Although SnO₂ has a lower theoretical capacity than the better-known SiO₂ (780 mA h g⁻¹, compared to 980 mA h g⁻¹), its volume expansion ratio is also lower (∼150%, compared to ∼260%).^22–31 However, since the volume change of SnO₂ is still large, it is necessary to suppress the volume change-induced degradation by combining with zero-strain materials such as TiO₂. Jean et al. fabricated high performance anodes for LIBs based on TiO₂@SnO₂@TiO₂ triple-shell nanotubes prepared by a hydrothermal growth method.²⁹ In addition, Wu et al. reported that in electrospun nanowires of SnO₂ mixed with TiO₂, the TiO₂ successfully reduced the degradation resulting from SnO₂ deformation.³⁰ However, a further improvement of electrical conductivity was still needed because of the increased resistance in an electrode containing a binder.

TiO₂ structures prepared by anodization allow the formation of a binder-free anode, providing highly active reaction sites for Li ions as a result of its nano- and micro-sized pores.^32–34 In particular, TiO₂ microcones, which have only been developed in recent years, are a quite promising material for anodes, having a conical shape as well as an internal hollow space on the micro scale.^34,35 In this study, binder-free SnO₂–TiO₂ microcones were prepared for use as an LIB anode material. The hollow-containing TiO₂ microcones were prepared by anodization, and subsequently, SnO₂ was decorated into the hollow spaces by an anodic potential shock.^36–39 The potential shock method is an economical and highly reproducible metal oxide decoration method on anodic TiO₂ structures.

Results and discussion

Representative FE-SEM images of the binder-free anode are presented in Fig. 1. As reported previously,³⁴ samples with typical TiO₂ conical structures (MCs) are prepared by anodization at 60 V for 60 min (Fig. 1a). TiO₂ MCs exhibit a highly ordered distribution on the Ti substrate, composed of nanofragments with vacant spaces in the individual layers; the MCs increase the active surface area. Fig. 1b–d shows SnO₂–TiO₂ MCs for different potentials used as the anodic shock. Visually, a newly grown layer appears in the valleys between the TiO₂ MCs for potentials of 40 V and higher (Fig. S1†). Eventually, most of the TiO₂ MCs are covered with a newly deposited layer, including the cracks and surface boundary layers.

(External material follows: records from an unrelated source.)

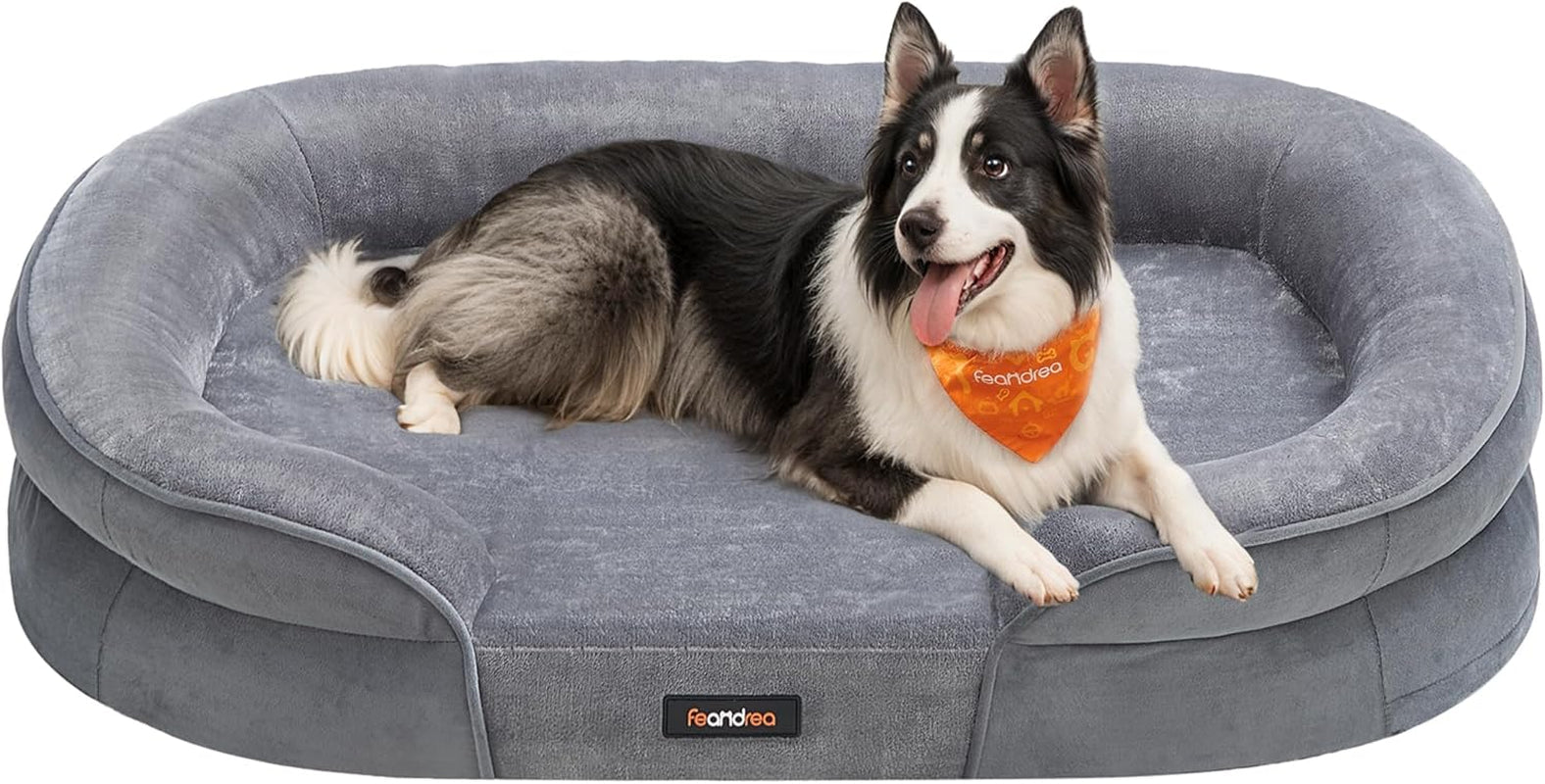 feandrea-dog-bed-medium-orthopaedic-dog-sofa-bed-30-x-20-x-7-inches-egg-crate-foam-waterproof-liner-raised-edges-removable-and-machine-washable-cover-non-slip-light-gray-upgw281g01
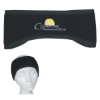 Custom Logo Fleece Ear Band Black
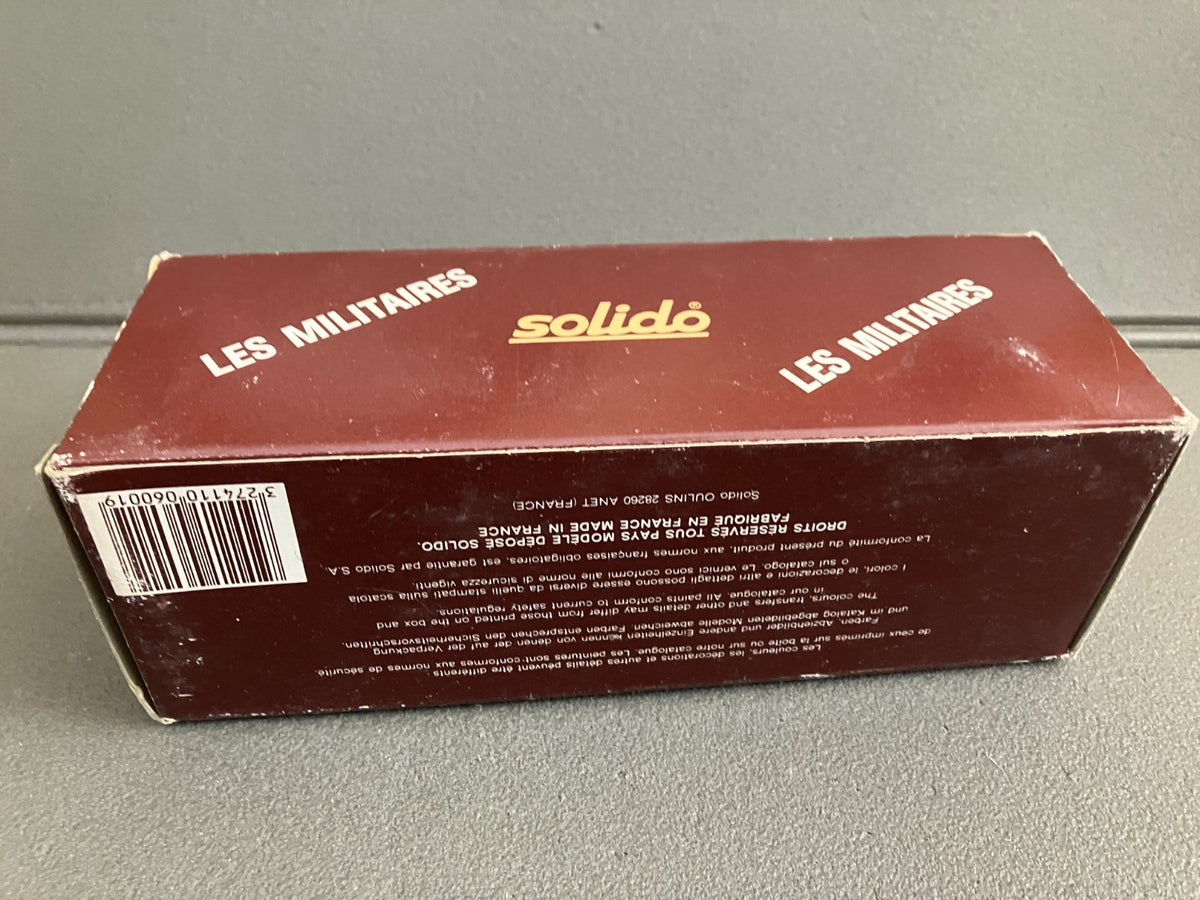 Ancien Miniature Militaire Blindé BTR 40 6031 Lance Roquette Solido France 1/50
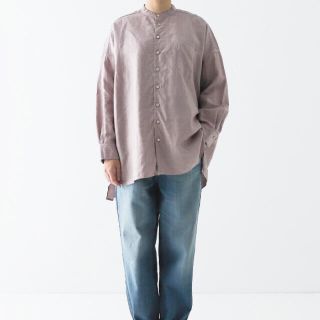 ネストローブ(nest Robe)の【最終お値引きです】リネンハイカウントバンドカラーシャツ(シャツ/ブラウス(長袖/七分))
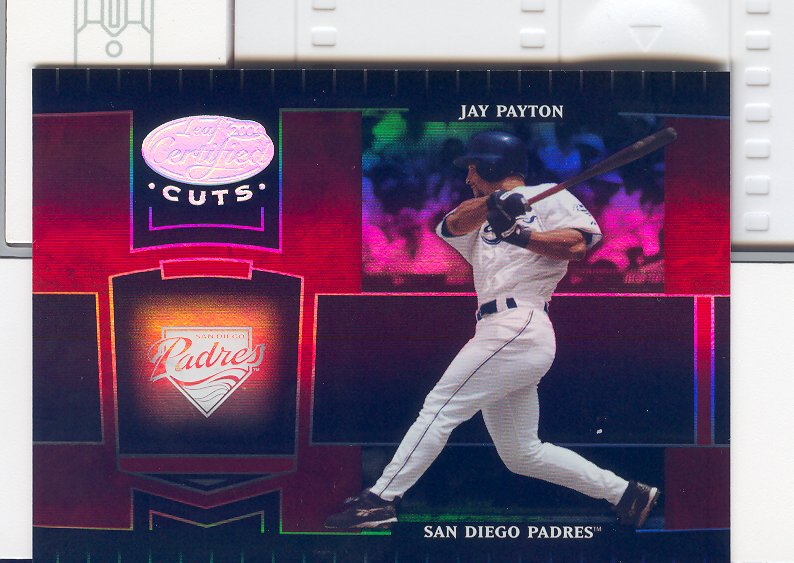 2004 Leaf Certified Cuts Marble Signature Red #158 Jay Payton/100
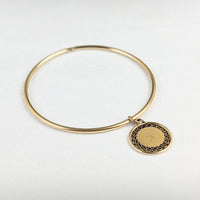 B.A. Ballou Vintage 2.2mm 12K Gold Filled “G” Charm Bangle Bracelet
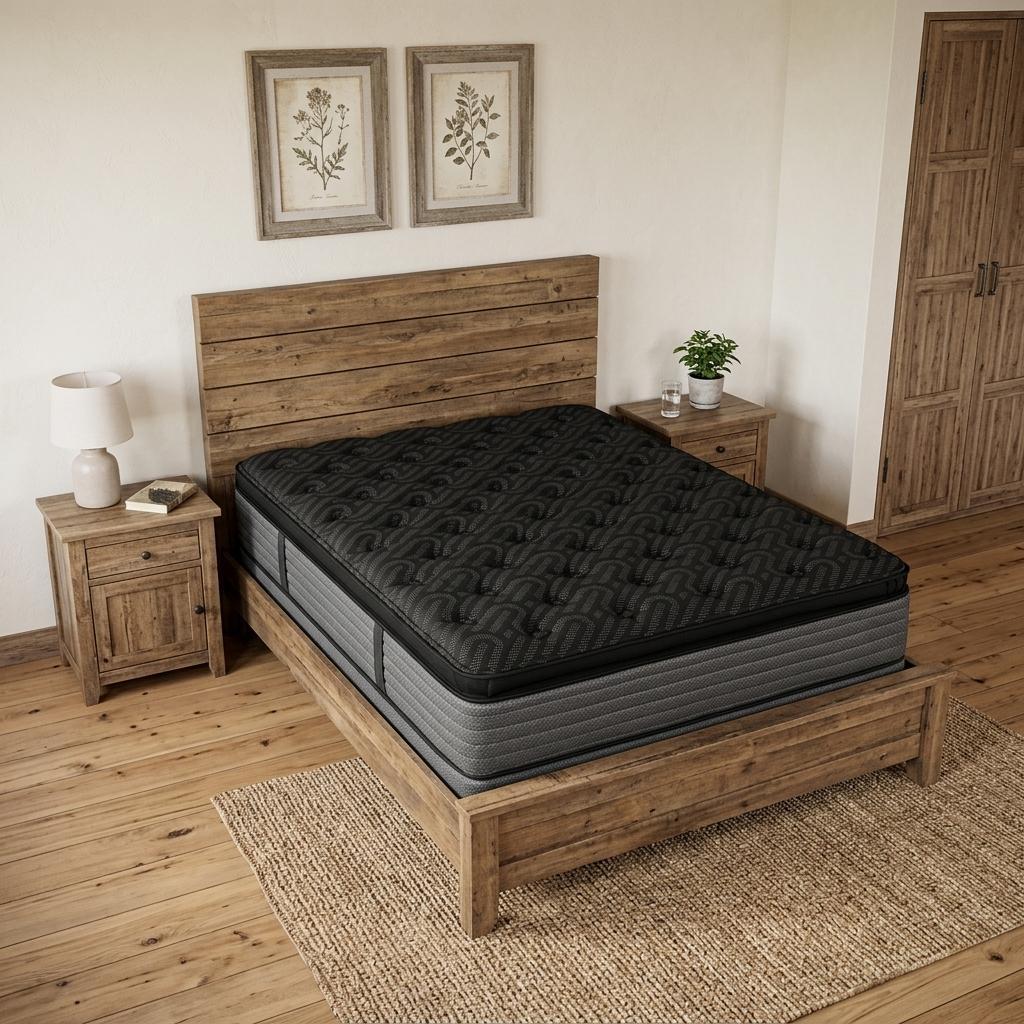15" Copper Infused California King Gel Memory Foam Ultra plush Hybrid Mattress - Bed & Bath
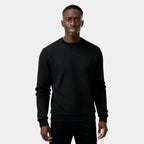 Men's Waffle Knit Sweater - Crew Neck Jumper - Cozy Casual Knitwear for Everyday Wear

When a shock voltage of 60 V or more is applied, the tin oxide layer may become unstable; Fig. 1d shows a severe crack on the surface. This is expected to be degraded during cycles. Nevertheless, most of TiO₂ MCs retain their original structures without detachment from the Ti substrate or destruction during the voltage shock procedure.

Fig. 1 FE-SEM images of TiO₂ microcones. Pristine microcones (a), and TiO₂ microcones with SnO₂ deposited via the potential shock method at (b) 20, (c) 40, and (d) 60 V. Inset images are magnified to show single microcones for each condition.

The main composition of these layers is revealed as tin oxides by EDS element mapping (Fig. S2†). Typically, the TiO₂ MCs show a hollow structure inside, which is clearly indicated by the EDS element mapping, and is in good agreement with a previous report.³⁴ The O element mapping for the truncated TiO₂ MC represents the vacant space in the center of the structure. Furthermore, the lack of a titanium filling is confirmed by the Ti map (Fig. 2a). In the case of the Sn40-MC specimen, an O element distribution is observed similar to that for the pristine TiO₂ MC (Fig. S2†). When the microcones of the Sn40-MCs electrode are completely removed, the entire EDS maps of Ti and O show identical aspects on the surface of the electrode (Fig. 2b). Furthermore, Sn is detected in all surface areas, with a distribution covering the microcones inside and outside. A possible reason for this is the fact that potential shock is normally carried out immediately after the anodization that creates the TiO₂ MCs, without a process sequence including specimen exchange. Therefore, titanium will be anodized additionally during the application of the potential shock. These phenomena have been already reported in potential shock experiments on nanotubes.^38,39,41 As a result, additional anodization of titanium inside the microcones, and tin oxide deposition, may occur simultaneously. This indicates that tin oxide in the core of the microcones is encapsulated by the shell of the MCs. We expect that the decrease in electrochemical performance caused by the volume expansion of tin oxide would be suppressed by the counteracting TiO₂ MC shell. The average weight of electrode materials was measured in terms of the shock voltage and is reflected in the cycle measurements (Fig. S3†): the TiO₂ MC electrodes originally had an average weight of 0.42 mg; after the potential shock, the tin oxide deposited showed a weight linearly increasing with the applied shock voltage.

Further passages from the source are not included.